Download and install OpenVINO
You can download OpenVINO from here: –
The steps are:-
- Train a model.
- Feed the model to the Model Optimizer, which optimizes the model and generate an Intermediate Representation (.xml + .bin) of the model.
- Feed the Intermediate Representation to the Inference which checks the compatibility of the model on the basis of the framework (used to train your model) and the environment (hardware).
- Deploy the application.
The two main components of the OpenVINO toolkit are
- Model Optimizer
- Inference Engine
The model optimizer converts models in multiple different frameworks to an Intermediate Representation. The Intermediate Representation (IR) of a model contains a .xml file and a .bin file.
- .xml -> Contains the Model Architecture other important metadata.
- .bin -> Contains the weights and biases of the model in a binary format.
Frameworks supported by OpenVINO:-
- ONNX(PyTorch and Apple ML)
OpenVINO has a lot of pre-trained models in the model zoo for several purposes like:-
- Object Detection
- Object Recognition
- Pose Estimation
You can find the public model set here.
OpenVINO provides some optimization techniques which makes the model smaller and quicker. In this article, I will be focusing on three optimization techniques:-
The weights and biases of the pre-trained models in OpenVINO comes in different precisions:-
- FP32- Floating Point 32-bit
- FP16- Floating Point 16-bit
- INT8- Integer 8-bit
The higher Precision model may result in higher accuracy but it is complex and occupies more space, hence requires heavy computation power. On the other hand, a lower precision model will occupy less space and requires less computation power. Lowering model precision affects the accuracy of the model because as we reduce the model precision we lose some important information which causes a reduction in accuracy.
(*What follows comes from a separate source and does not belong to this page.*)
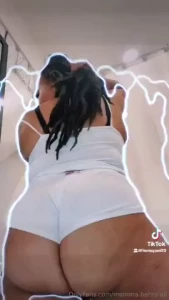 Just warming this pussy up for you daddy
Freezing in this context is different than what you may think of freezing in training neural networks. In training, this means freezing certain layers so that you can fine-tune and train on only a subset of layers. Here, it is used in the context of an entire model and Tensorflow models in particular. Freezing TensorFlow models will remove certain operations and metadata only needed for training. For example, backpropagation is only required while training and not while inferencing. Freezing a TensorFlow model is usually a good idea whether before performing direct inference or converting with the Model Optimizer.
Fusion, as the name suggests, is the process of combing or fusing multiple-layer operations into a single operation.
For example, a batch normalization layer, activation layer, and convolutional layer could be combined into a single operation. This can be particularly useful for GPU inference, because in a GPU separate operations may occur on separate GPU kernels, while a fused operation occurs on one kernel, thereby incurring less overhead in switching from one kernel to the next.
Model Optimization does not mean an increase in accuracy, by optimizing a model you reduce its size and make it faster.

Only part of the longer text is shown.